Un homme est face à une piscine boueuse. Il plonge pour enlever la boue. Mais plus il se démène, plus la boue se répand. Omniprésente, elle semble faire corps avec l’eau. La tâche est impossible. Epuisé, le nageur s’allonge au bord de la piscine. Quand il se réveille, l’eau est limpide.
Un télévision s’éteint. « C’était donc ça ! » Le bruit à l’extérieur continue. Mais le silence est là, vivant.
Malgré la diversité des voies, et plus encore des cheminements personnels, il n’y a que deux étapes : reconnaître notre vrai visage, transparent, tout de silence, de disponibilité. Et se familiariser encore et encore avec lui, en toutes circonstances, surtout les pires.

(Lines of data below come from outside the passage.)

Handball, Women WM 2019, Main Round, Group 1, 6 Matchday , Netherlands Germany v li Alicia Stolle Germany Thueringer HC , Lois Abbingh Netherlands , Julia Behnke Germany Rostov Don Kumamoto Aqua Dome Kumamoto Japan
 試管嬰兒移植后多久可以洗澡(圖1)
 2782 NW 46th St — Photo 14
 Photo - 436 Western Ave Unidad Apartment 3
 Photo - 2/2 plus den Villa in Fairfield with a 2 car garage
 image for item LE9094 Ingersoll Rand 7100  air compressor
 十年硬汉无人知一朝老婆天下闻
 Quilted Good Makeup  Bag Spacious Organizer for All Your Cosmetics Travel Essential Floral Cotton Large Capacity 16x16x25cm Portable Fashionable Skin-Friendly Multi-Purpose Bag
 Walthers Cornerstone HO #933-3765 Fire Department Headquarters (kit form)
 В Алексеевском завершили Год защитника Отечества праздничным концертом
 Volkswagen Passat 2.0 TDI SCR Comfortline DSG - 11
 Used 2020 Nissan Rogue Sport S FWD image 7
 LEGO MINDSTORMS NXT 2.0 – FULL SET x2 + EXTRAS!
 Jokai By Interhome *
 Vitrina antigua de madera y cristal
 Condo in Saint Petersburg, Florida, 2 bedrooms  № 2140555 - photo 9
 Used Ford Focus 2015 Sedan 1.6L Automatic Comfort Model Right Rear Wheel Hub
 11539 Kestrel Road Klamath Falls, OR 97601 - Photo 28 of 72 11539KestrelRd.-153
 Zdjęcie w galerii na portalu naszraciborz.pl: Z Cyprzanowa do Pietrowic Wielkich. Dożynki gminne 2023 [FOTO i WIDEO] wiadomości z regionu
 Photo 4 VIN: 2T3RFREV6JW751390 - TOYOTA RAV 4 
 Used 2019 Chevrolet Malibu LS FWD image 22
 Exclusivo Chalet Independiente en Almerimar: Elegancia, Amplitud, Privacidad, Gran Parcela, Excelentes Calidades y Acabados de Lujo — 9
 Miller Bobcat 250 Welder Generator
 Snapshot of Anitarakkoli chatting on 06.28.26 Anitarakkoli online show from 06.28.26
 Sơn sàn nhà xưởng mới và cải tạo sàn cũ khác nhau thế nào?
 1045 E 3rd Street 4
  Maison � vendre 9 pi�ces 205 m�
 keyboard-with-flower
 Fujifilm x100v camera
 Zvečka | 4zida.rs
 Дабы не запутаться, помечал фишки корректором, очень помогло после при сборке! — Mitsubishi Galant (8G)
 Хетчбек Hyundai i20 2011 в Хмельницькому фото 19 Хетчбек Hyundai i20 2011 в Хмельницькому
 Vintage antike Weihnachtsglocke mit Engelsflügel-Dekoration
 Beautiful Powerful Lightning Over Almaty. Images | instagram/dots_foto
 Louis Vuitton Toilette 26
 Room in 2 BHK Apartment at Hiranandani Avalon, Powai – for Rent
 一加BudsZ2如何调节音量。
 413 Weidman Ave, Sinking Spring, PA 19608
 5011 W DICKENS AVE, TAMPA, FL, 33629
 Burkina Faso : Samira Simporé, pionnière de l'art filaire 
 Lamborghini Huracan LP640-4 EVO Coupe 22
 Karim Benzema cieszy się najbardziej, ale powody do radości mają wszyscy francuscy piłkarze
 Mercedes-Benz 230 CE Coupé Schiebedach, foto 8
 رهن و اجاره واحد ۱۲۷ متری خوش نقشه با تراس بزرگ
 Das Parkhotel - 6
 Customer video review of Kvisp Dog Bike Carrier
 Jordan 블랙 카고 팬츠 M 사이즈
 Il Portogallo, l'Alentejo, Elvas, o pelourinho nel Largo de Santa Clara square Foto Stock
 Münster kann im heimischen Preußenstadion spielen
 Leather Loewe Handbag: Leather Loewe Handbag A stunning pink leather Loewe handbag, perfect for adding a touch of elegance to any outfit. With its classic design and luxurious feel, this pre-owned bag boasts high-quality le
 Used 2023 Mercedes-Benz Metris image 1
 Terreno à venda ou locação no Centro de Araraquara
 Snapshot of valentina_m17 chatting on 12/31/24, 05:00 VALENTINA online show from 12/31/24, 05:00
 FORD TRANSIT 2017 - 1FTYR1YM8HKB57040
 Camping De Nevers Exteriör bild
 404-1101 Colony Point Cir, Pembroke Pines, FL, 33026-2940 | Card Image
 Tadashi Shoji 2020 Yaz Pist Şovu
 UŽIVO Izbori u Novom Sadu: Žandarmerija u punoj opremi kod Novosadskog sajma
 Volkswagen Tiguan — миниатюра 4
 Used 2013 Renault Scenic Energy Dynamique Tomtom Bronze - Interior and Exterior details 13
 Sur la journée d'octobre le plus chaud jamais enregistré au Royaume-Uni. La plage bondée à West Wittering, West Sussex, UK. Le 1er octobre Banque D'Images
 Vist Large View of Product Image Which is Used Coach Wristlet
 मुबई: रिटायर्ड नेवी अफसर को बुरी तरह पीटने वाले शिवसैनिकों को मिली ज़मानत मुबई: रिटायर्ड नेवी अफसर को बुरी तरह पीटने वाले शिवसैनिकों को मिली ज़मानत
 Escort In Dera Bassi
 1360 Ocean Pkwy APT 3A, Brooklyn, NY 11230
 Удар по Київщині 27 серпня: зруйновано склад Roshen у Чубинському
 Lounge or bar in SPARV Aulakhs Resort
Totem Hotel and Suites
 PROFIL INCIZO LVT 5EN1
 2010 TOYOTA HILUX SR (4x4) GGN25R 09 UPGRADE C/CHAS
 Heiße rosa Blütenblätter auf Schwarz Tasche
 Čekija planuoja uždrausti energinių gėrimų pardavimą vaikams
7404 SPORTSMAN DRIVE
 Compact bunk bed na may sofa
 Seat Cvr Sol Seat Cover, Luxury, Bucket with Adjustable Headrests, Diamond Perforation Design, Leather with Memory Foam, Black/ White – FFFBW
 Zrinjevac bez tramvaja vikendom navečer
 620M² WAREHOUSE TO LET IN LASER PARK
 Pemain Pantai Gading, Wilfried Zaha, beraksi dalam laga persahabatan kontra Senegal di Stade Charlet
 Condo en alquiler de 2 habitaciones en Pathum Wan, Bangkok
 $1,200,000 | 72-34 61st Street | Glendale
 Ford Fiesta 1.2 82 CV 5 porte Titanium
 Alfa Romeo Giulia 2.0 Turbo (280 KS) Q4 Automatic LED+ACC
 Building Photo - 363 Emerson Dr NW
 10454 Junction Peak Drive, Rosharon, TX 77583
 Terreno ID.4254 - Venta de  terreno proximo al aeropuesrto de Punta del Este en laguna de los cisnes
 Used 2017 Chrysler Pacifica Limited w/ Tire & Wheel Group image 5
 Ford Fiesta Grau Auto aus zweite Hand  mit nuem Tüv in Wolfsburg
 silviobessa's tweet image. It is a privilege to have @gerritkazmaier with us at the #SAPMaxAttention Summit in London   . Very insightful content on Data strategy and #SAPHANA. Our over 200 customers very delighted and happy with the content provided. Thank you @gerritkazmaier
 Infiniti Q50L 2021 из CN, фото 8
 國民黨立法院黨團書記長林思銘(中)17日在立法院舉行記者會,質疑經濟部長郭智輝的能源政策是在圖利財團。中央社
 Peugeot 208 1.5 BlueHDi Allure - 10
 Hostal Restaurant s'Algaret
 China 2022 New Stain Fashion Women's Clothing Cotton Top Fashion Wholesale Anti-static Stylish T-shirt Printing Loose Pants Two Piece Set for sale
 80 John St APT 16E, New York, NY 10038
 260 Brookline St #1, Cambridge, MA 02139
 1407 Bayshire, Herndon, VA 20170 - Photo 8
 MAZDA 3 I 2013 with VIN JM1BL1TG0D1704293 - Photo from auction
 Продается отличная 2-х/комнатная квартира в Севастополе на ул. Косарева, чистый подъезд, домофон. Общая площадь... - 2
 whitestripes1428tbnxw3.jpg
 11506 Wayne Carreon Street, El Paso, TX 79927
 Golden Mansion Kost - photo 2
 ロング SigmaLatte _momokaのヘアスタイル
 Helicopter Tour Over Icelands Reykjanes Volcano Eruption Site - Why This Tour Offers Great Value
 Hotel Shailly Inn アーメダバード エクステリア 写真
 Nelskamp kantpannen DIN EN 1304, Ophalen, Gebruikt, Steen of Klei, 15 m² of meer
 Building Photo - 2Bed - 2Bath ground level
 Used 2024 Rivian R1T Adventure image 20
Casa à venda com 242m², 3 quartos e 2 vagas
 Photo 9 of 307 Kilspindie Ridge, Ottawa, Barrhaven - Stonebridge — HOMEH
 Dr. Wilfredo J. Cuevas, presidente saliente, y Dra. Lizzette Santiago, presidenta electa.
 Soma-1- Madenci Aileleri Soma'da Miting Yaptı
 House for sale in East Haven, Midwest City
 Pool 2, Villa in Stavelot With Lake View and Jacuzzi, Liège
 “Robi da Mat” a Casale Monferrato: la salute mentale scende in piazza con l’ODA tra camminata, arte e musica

Toute pratique de reconnaissance et de familiarisation est une pratique d’attention. Or la vie est telle, que si notre pratique demande attention à plus d’une chose, elle sera brisée par l’activité. Le quotidien requiert déjà une attention multiple, fragmentée, saccadée, à l’image du regard qui sautille plusieurs fois par secondes. Les mouvements du regard sont l’un des plus grands obstacles à la continuité de l’attention. Les mouvements de l’œil sont généralement des changements d’attention, des re-focalisations. Si notre pratique en rajoute une couche – une couche de dispersion, de concentration multipurposifiée, genre prière, visualisation, phrase-mantra, introspection, circulation guidée du souffle, attention aux pensées, etc. – alors nous alors vers l’échec et le découragement. Tout ceci étant, seule une pratique où l’attention se porte sur une seule chose a des chances de vivre. Le silence intérieur, donc. Comme un voisin qui arrête son vacarme, comme un voile qui se lève, comme se jeter dans l’eau fraîche par temps de canicule.